Perhaps it's worth mentioning somewhere in the docs that this can be used to compute the Wasserstein distance between empirical distributions:

Code
import argparse

import jax
import optax
from jax import numpy as jnp, random
from matplotlib import collections, pyplot as plt, rcParams


def parse_args():
    p = argparse.ArgumentParser()
    p.add_argument("--seed", type=int, default=0)
    p.add_argument("--points", type=int, default=200)
    p.add_argument("--power", type=float, default=2.0)
    p.add_argument("--markersize", type=float, default=4.0)
    p.add_argument("--linewidth", type=float, default=1.0)
    return p.parse_args()


def get_wasserstein_distance(x, y, power=2):
    displacements = x[:, None] - y[None, :]
    pow_distances = (jnp.abs(displacements) ** power).sum(-1)
    i, j = optax.assignment.hungarian_algorithm(pow_distances)
    distance = pow_distances[i, j].mean() ** (1 / power)
    return distance, (i, j)


def estimate_wasserstein_distance(key, sample_fn_1, sample_fn_2, n_samples):
    keys = random.split(key)
    x = jax.vmap(sample_fn_1)(random.split(keys[0], n_samples))
    y = jax.vmap(sample_fn_2)(random.split(keys[1], n_samples))
    distance, (i, j) = get_wasserstein_distance(x, y)
    return distance


def main():
    args = parse_args()

    key = random.key(args.seed)

    keys = random.split(key)
    x = random.normal(keys[0], (args.points, 2))
    y = random.normal(keys[1], (args.points, 2)) + jnp.array([0.2, 0.0])

    distance, (i, j) = get_wasserstein_distance(x, y, args.power)

    fig, ax = plt.subplots(constrained_layout=True)

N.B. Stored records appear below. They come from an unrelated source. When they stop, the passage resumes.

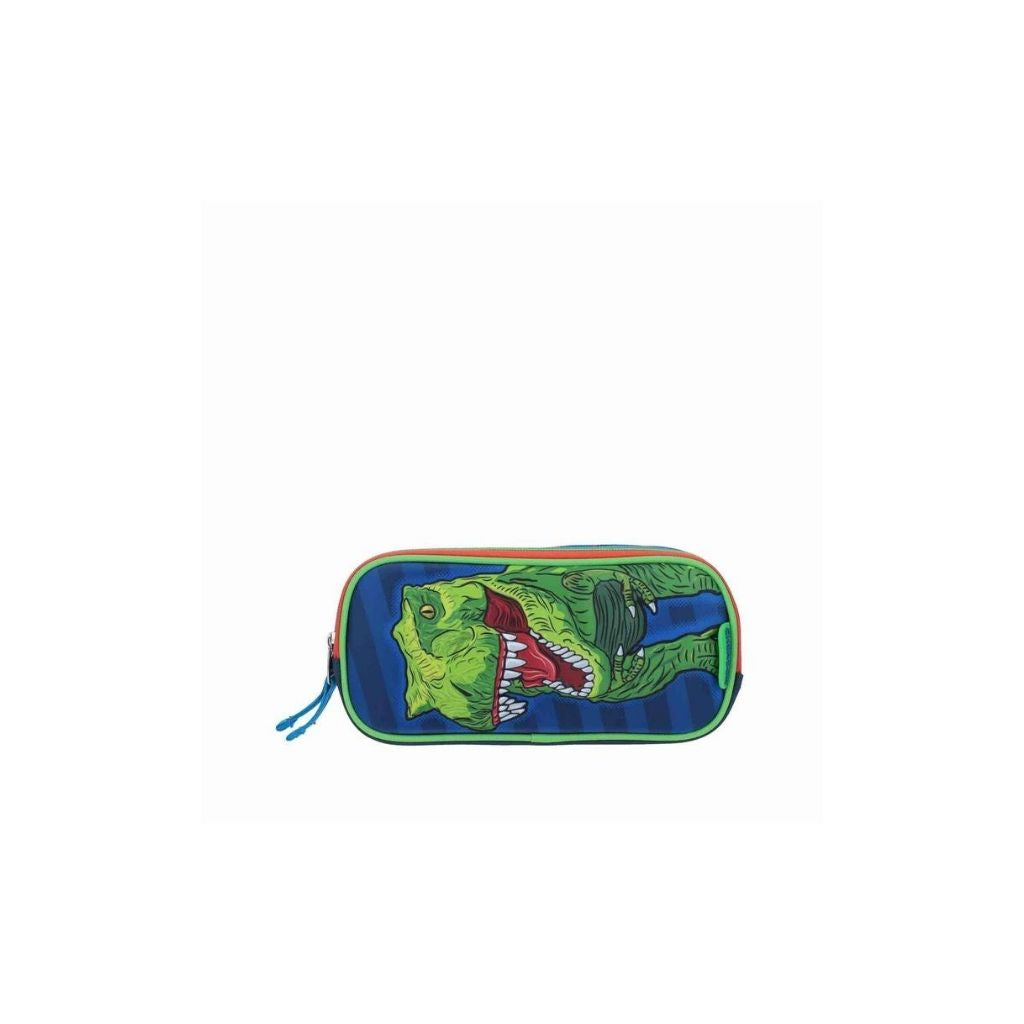 ESTUCHES P/LAPICES MARIO B. SAURIO AZUL CHENSON IXX UNIDAD 1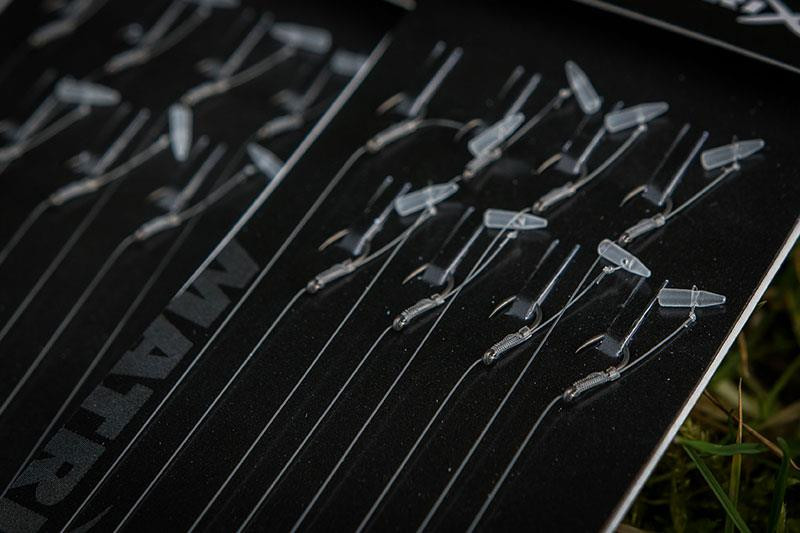 Matrix MXC-3 6" Super Stop Rig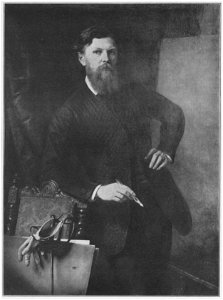 Jahrhundertausstellung 1906 KatNr. 1638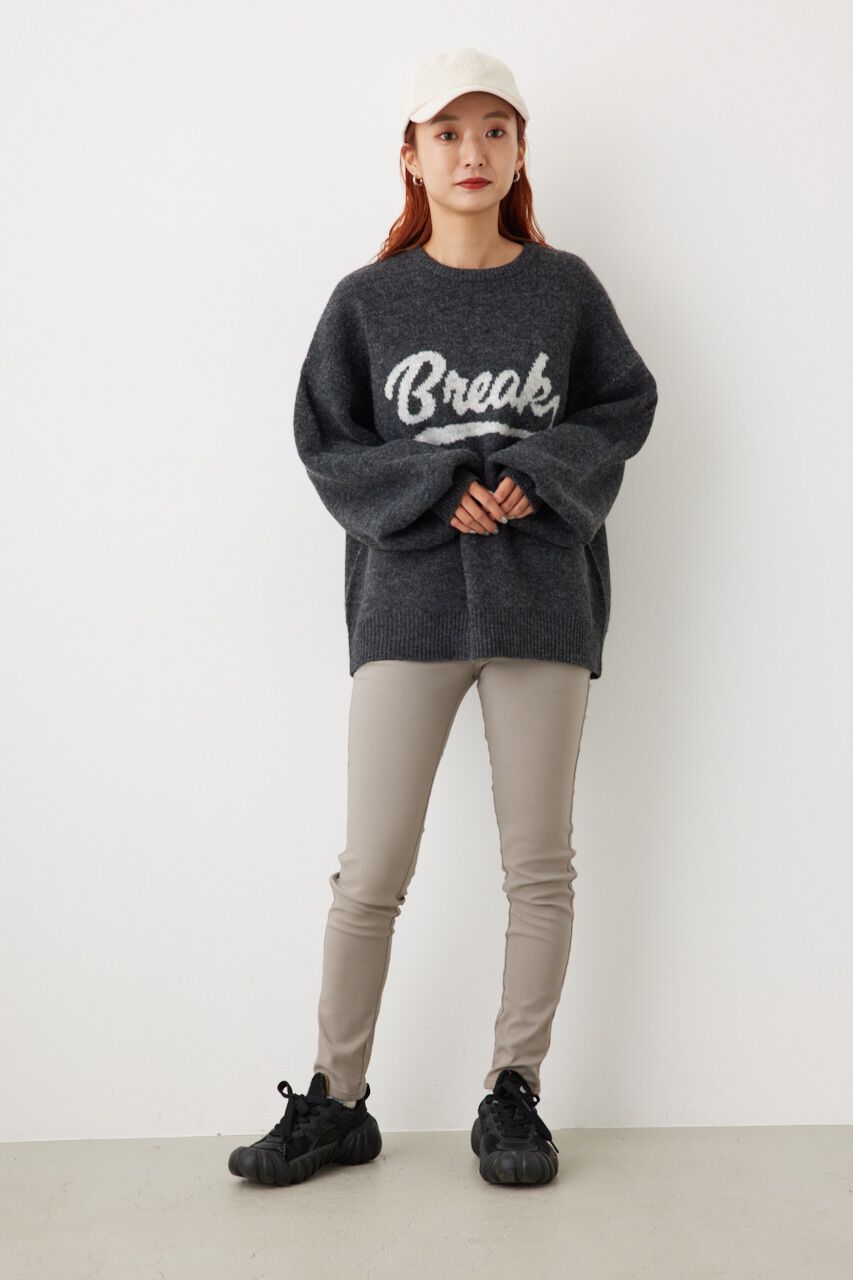 RODEO CROWNS「アソートジャガードニットトップス」|ニット・セーター|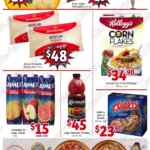 Ofertas Soriana Mercado fin de semana 21 al 24 de mayo 2021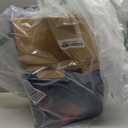 Bedsure Electric Blanket Full Size - Soft Flannel Heated Blanket Full, GentleSoft Fast Heating with 10 Time Settings & 6 Heat Settings, Warm Gift for Grandma (72x84 inches, Grey)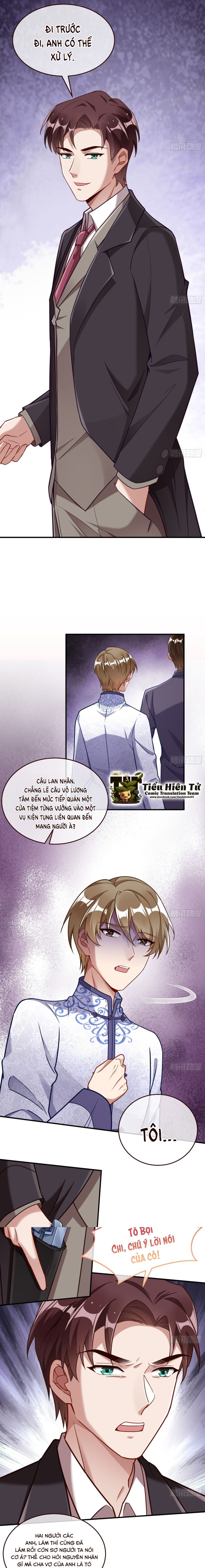 Vạn Tra Triêu Hoàng Chapter 697 - Trang 2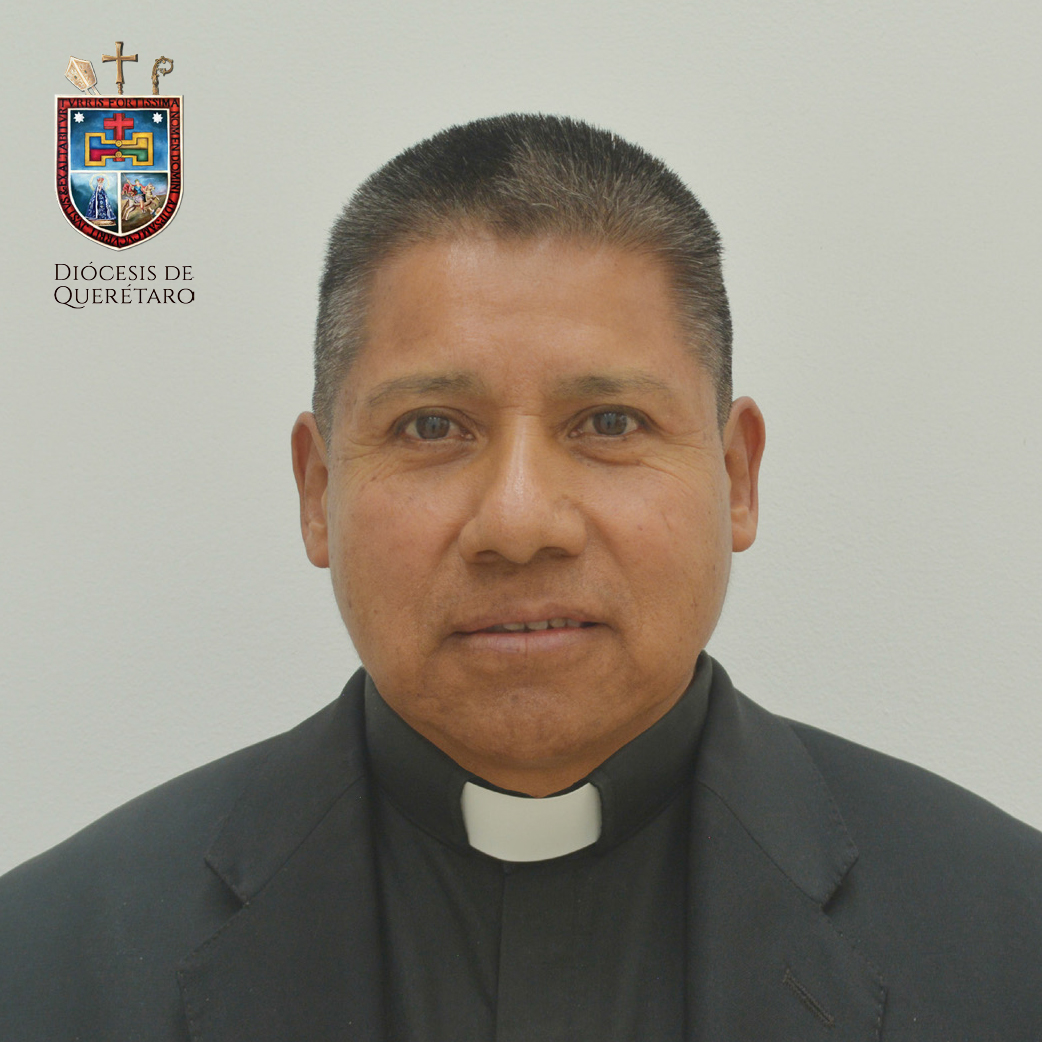 Pbro. Lic. Martín De Jesús Ibarra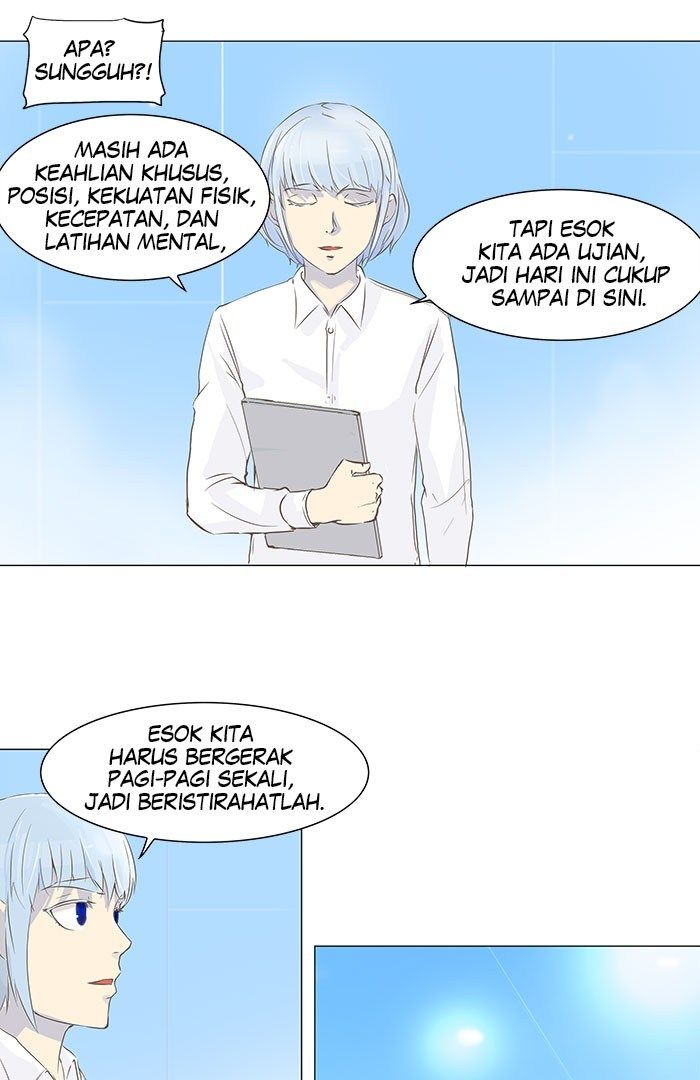 Tower of God Chapter 134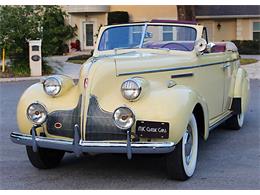 1939 Buick Special (CC-1181867) for sale in Lakeland, Florida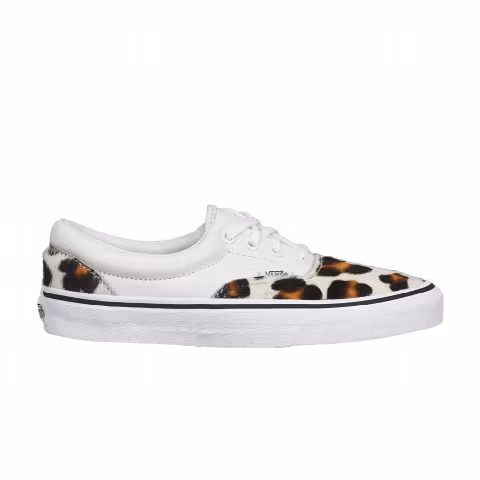 Vans Era Calf Hair 'Leopard'
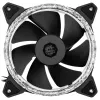 Bitspower Cyclops 360 AIO skysčio aušinimo sistema CPU, juoda
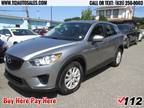 Used 2013 Mazda Cx 5 for sale.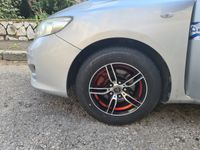 Toyota Corolla 2nd hand, 2008, private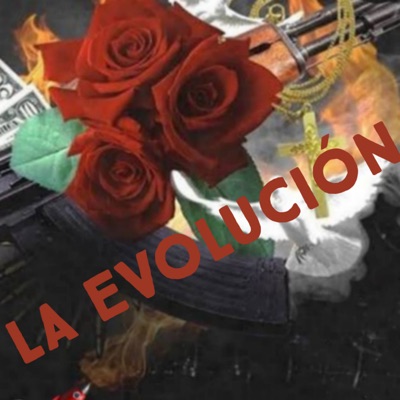 La Evolución (feat. G Cody & Dj Rios) - Single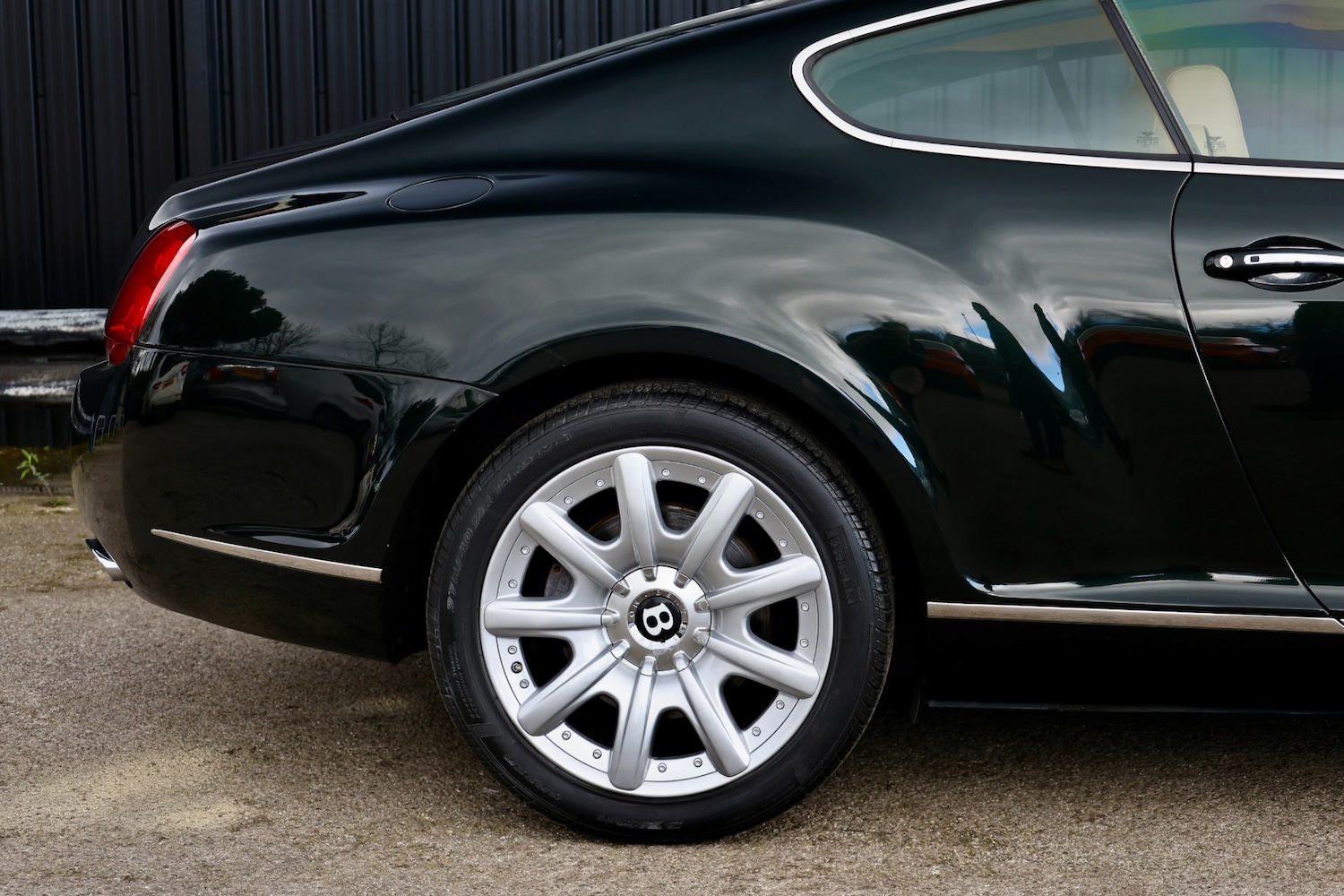 Used Bentley Continental 2006 for sale - 77897769: Photo 18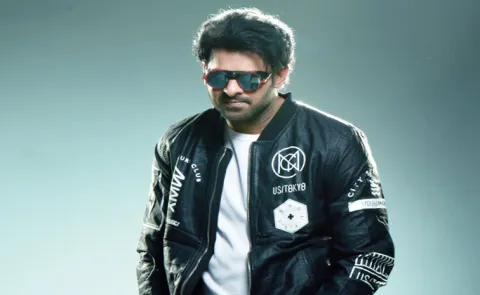 Prabhas stays away from brand endorsements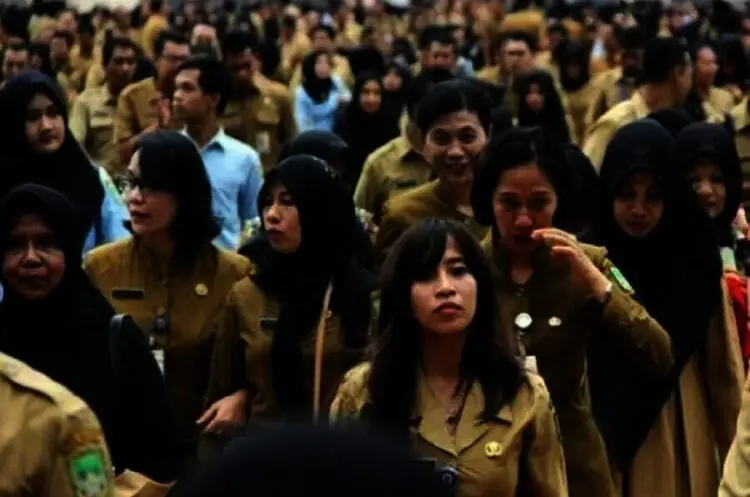 Gaji Belum Dibayarkan, Legislator dan 10 Ribu ASN Pemprov ‘Teriak’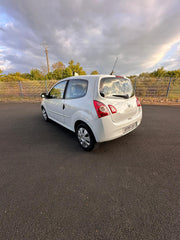 RENAULT TWINGO 2 1.2 ESS 75CH  2013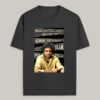 Teja Men's Graphic T-Shirt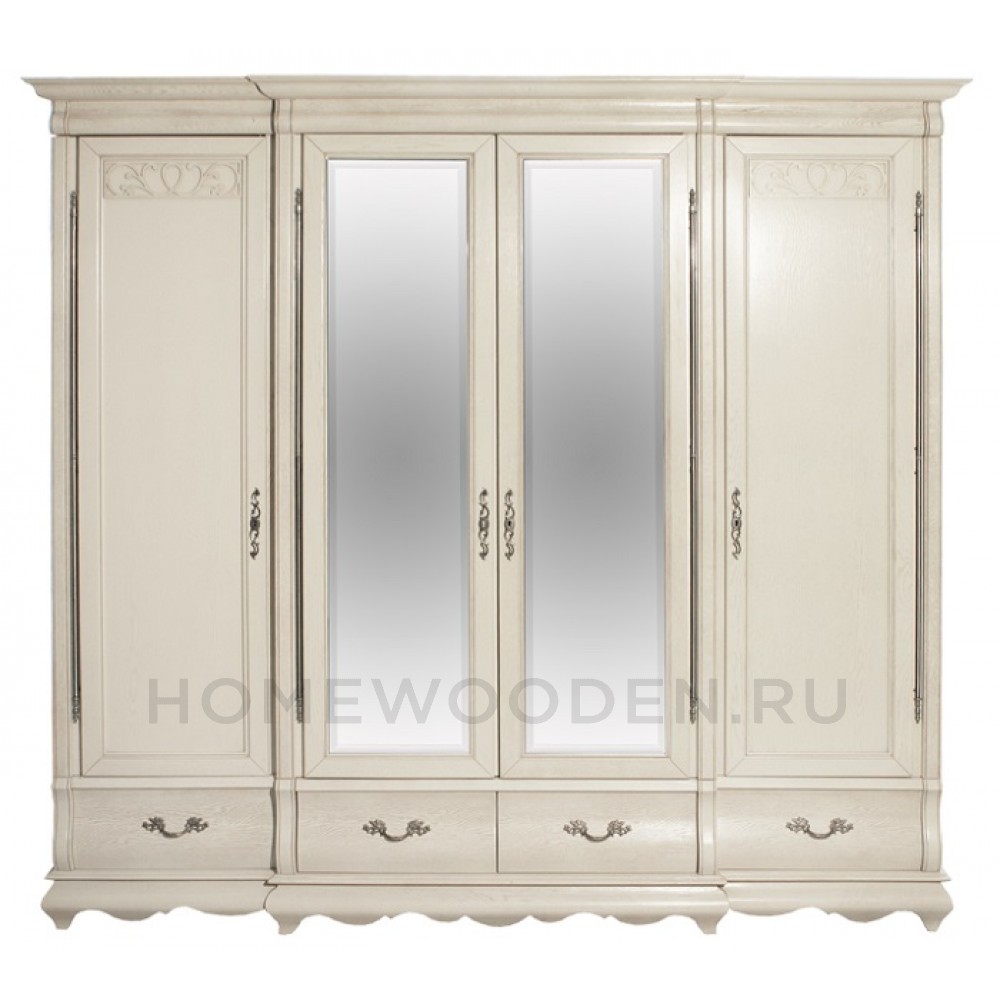 Шкаф Оскар ММ-216-01/04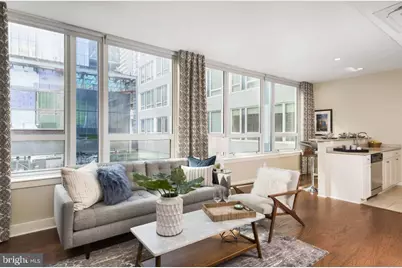 1900 Arch Street #616, Philadelphia, PA 19103 - Photo 1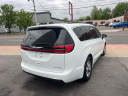 Thumbnail image of 2023 Chrysler Pacifica at Lamacchia Honda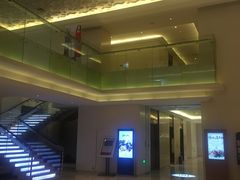 -桐庐开元名都大酒店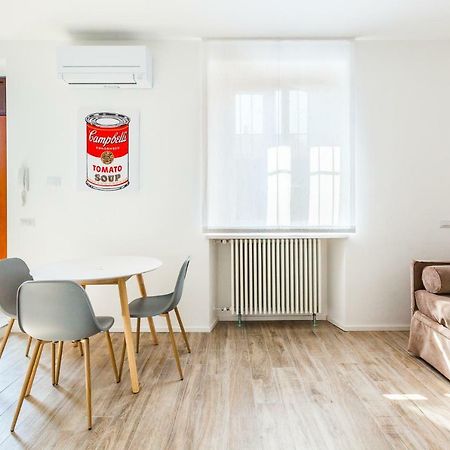 Mi Home Navigli Milánó Kültér fotó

    ax.scatter(*x.T, s=args.markersize**2, label="facility", edgecolor="none")
    ax.scatter(*y.T, s=args.markersize**2, label="client", edgecolor="none")

    data = jnp.stack((x[i], y[j]), 1)
    lc = collections.LineCollection(
        list(data),
        linewidth=args.linewidth,
        color="lightgrey",
        zorder=-10,
        label="assignment",
    )
    ax.add_collection(lc)

    ax.set(title=f"Wasserstein {args.power}-distance: {distance:g}")

    ax.legend()

    rcParams["savefig.dpi"] = 300
    plt.show()


if __name__ == "__main__":
    main()

This in turn can be used to estimate the Wasserstein distance between arbitrary distributions, by taking the Wasserstein distance between large batches of samples from each.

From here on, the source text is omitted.